Gray hairs often stand in the way of advancement for both men and women, socially and in business. Many fail to secure good positions because they look “too old” and many women are disappointed in life because they fail to preserve that attractiveness which so largely depends on the hair.
The advertisement goes on to promote the purported benefits of the product:
Hay’s Hair Health will positively restore gray or faded hair to its former color and beauty. It is not a dye, nor a stain, but a natural restorer and tonic to beautiful hair growth. Equally good for men and women.
Another advertisement from the same era goes even further stating:
This hair food acts on the roots, giving them the required nourishment and positively produces luxuriant hair on bald heads.
An advertisement published in various forms between 1902 and 1915 used the slogan: “Hay’s Hair Health turns back time in its flight,” and actually included before and after illustrations.
The product’s trademark which included the words “Hays Hair Health” with a picture of a woman with flowing hair and a bearded man all within a circle (no. 43022) was published by the U S Patent Office on August 9, 1910 but they were using it well before that. The phrase “Hay’s Hair Health” dates back to their earliest advertisements in 1889 and the picture described in the trademark is shown in the 1901 advertisement above.
Their bold advertising claims were not backed up by the scientific community. The 1916 Report of the Connecticut Experiment Station described Hay’s Hair Health as a colorless liquid containing a yellow percipitate and with the following odor of oil of bay. The product contained glycerine, free sulphur, lead acetate and organic matter, possibly sage. They stated that:
This is simply one of the glycerine water solutions of lead acetate with considerable free sulphur. The use of any preparation, even externally, containing such a dangerous poison as lead acetate is unsafe.
Also, the Indiana State Board of Health Chemical Division’s 1917 Report of the Chemical Division of the Laboratory of Hygiene had this to say about Hay’s Hair Health:
This combination is also sold under the false claim that it is a hair restorer. It is…a mixture of sugar, lead (1.5%), sulphur (1.5%), alcohol and water.

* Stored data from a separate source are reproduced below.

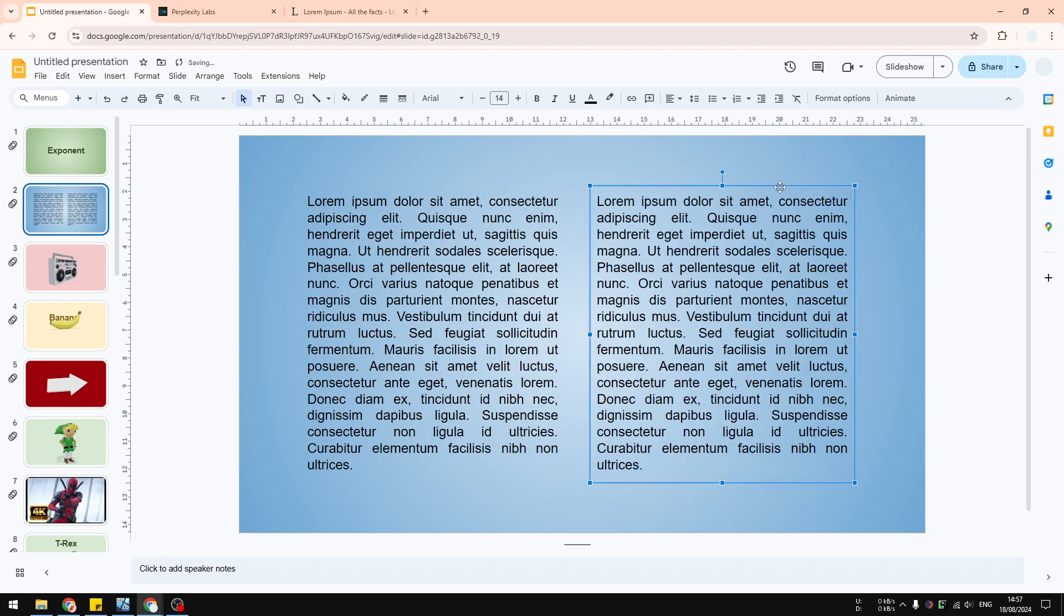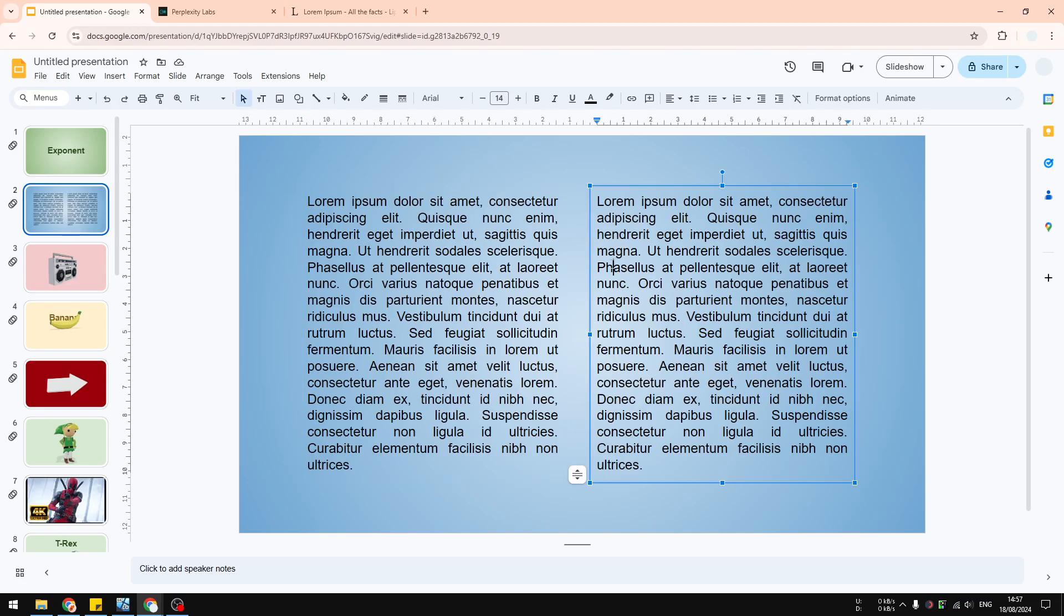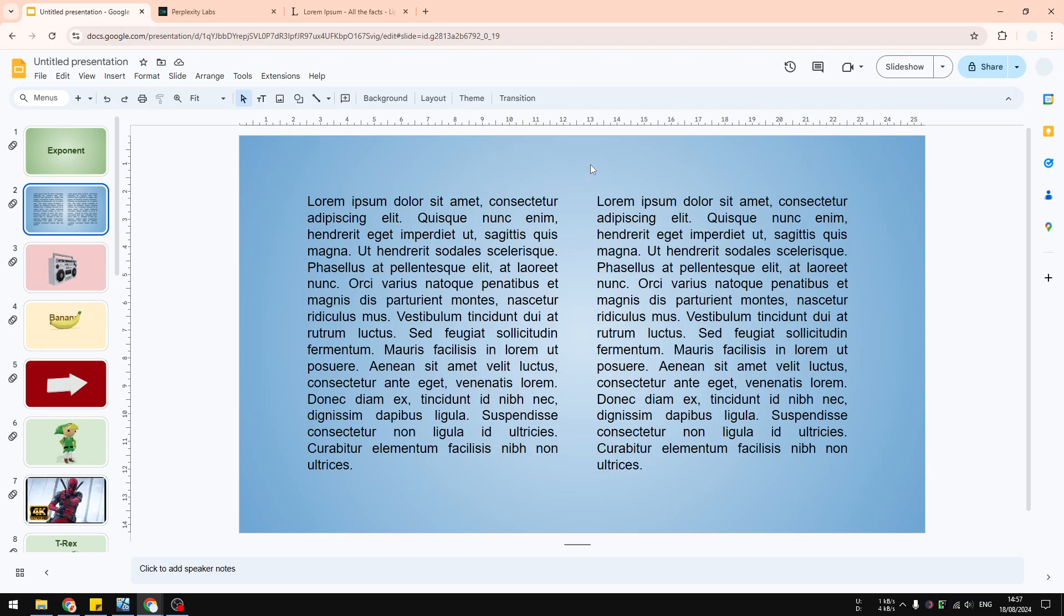you'll see that it starts to resemble traditional columns in Google Docs. It's very, very similar, and yet this is technically not a column. It's pretty much just two text boxes arranged together.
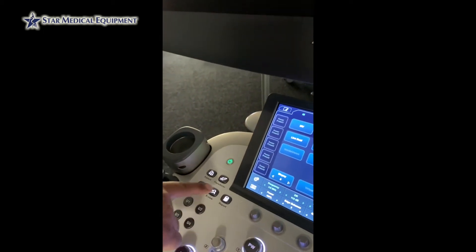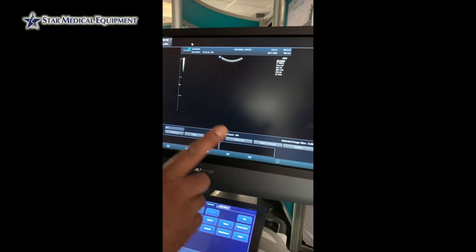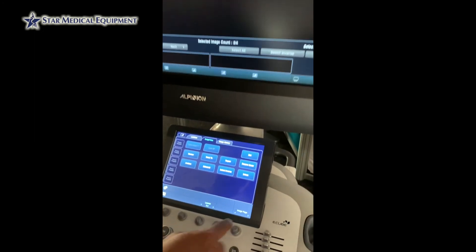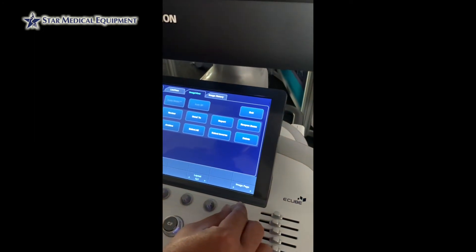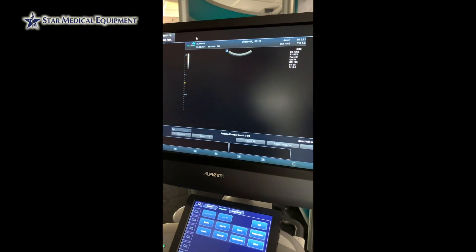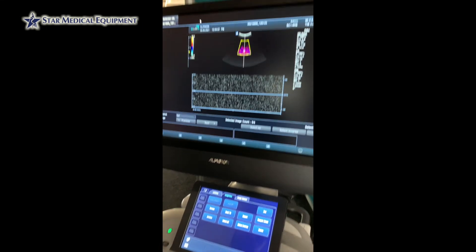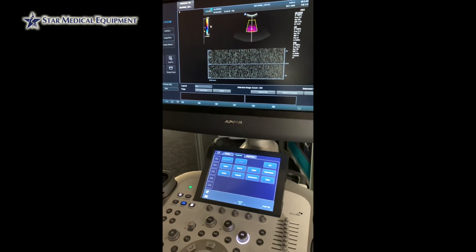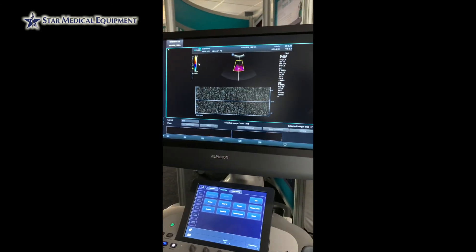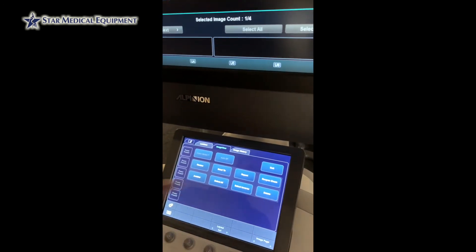If you wanted to review the images with a larger viewing area, you can select a view. When selecting a view, you now have the ability to scroll through the images using image page, and you can also delete images from here as well. If I select this image right now, you'll see that it's now highlighted and you have the option to delete it.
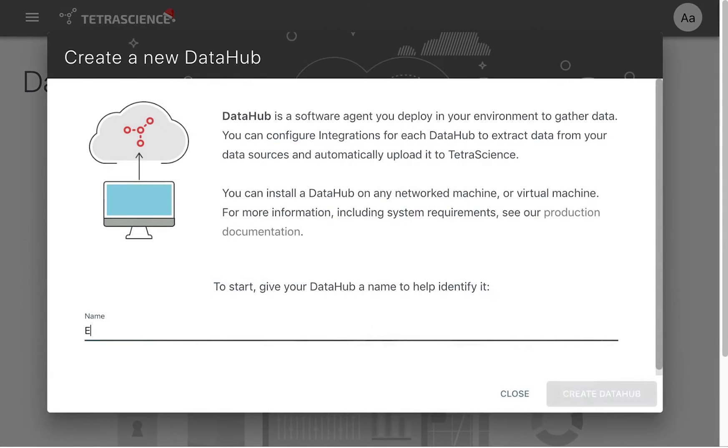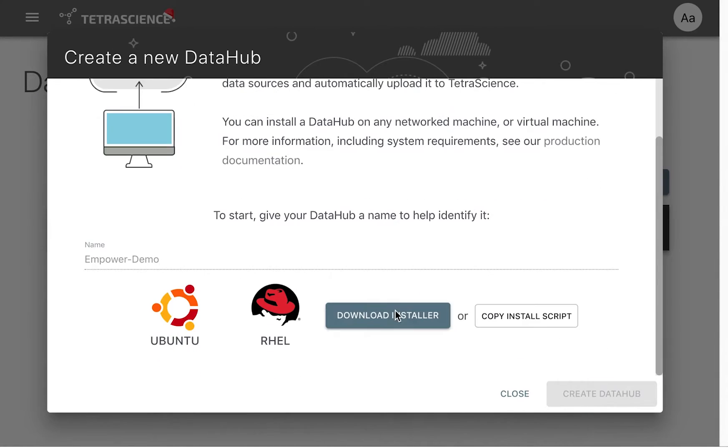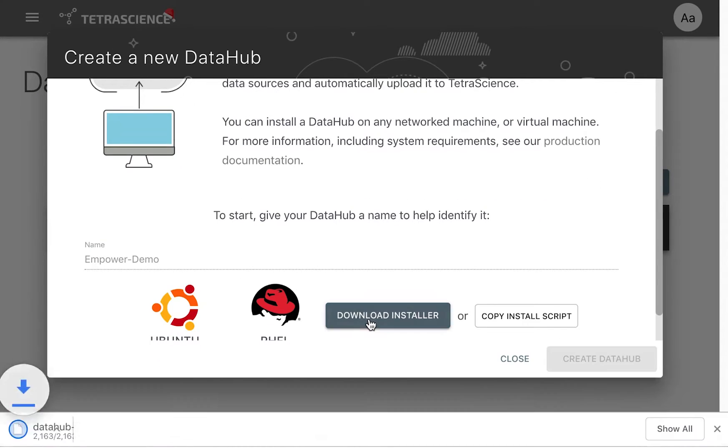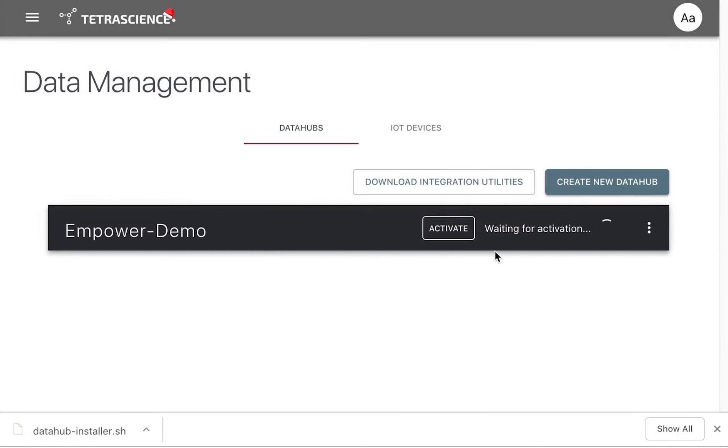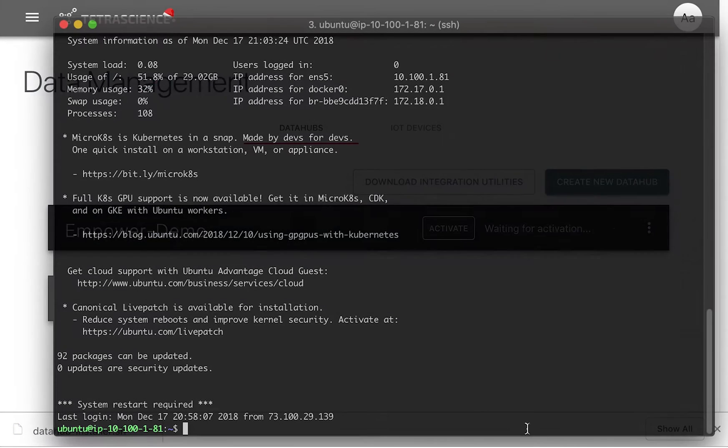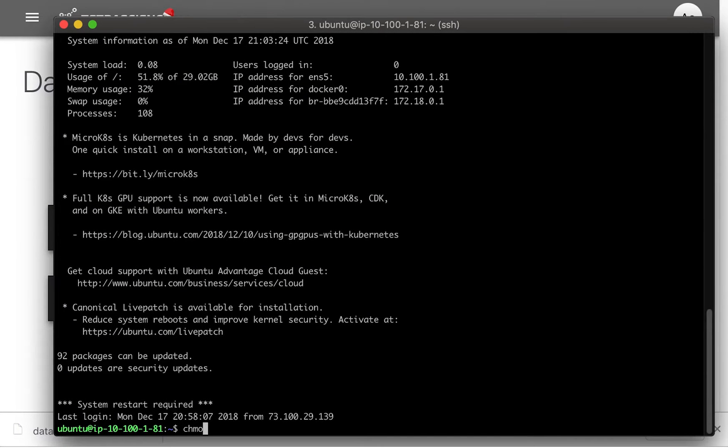It's easy to set up a Data Hub connection. Here, we are on the Data Management page within TetraScience. We'll name our Data Hub and download the installer. The installer is a batch script file.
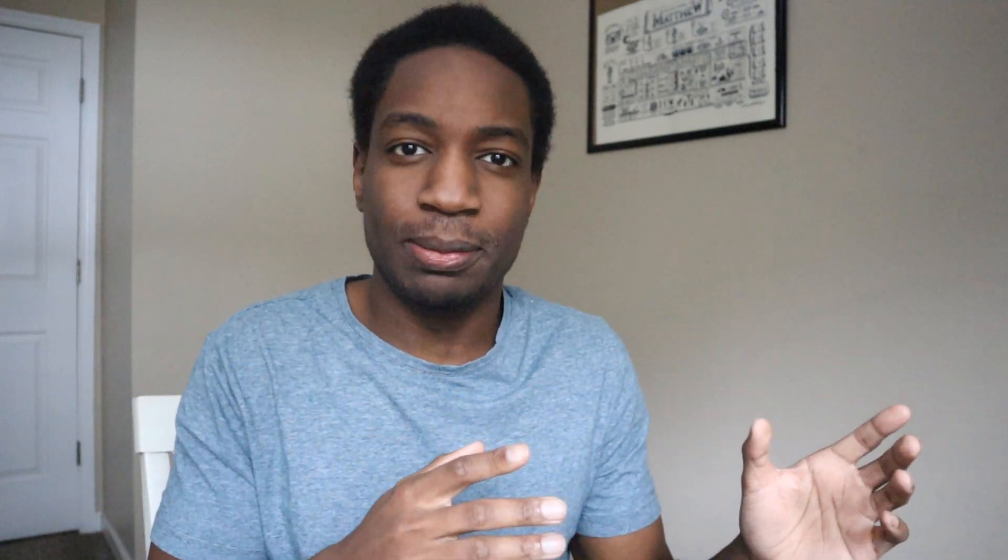If you all are interested in signing up for PropStream or BatchLeads, I have links down below. With my links, you get a seven-day free trial. And also, it just really helps support this channel so I can make some awesome content for you all. So if you're going to sign up with PropStream or BatchLeads to pull motivated seller lists, find cash buyers, run comps, sign up with my links down below. All right, let's head right into the computer.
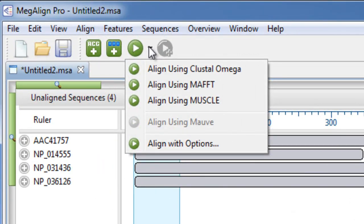Megaline Pro offers the ability to align your sequences using four different algorithms: Clustal Omega, MAFT, Muscle, or MOF.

The contents of a fifty cent bottle are worth but five.
After 1922, when the Philo Hay Specialty Company was no longer listed in the Newark directories, its not clear who manufactured Hay’s Hair Health but it continued to be named in drug store advertisements as late as 1942. This advertisement printed in the May 1, 1940 edition of the Buffalo (NY) Courier still advertised it in conjunction with Harifina Soap.
Today, 853 Broadway in NYC is a 21 story building built in 1929 and therefore could not have been used by the business. In Newark the southeast corner of Verona and Clifton is occupied by a 2 story building that appears to have been converted from manufacturing to residential. It could have been used by the business.
I found two identical mouth blown brown medicine bottles embossed Hay’s on one side and Hair Health on the other side. They match a labeled bottle included in a 1913 advertisement that included an offer for a free bottle.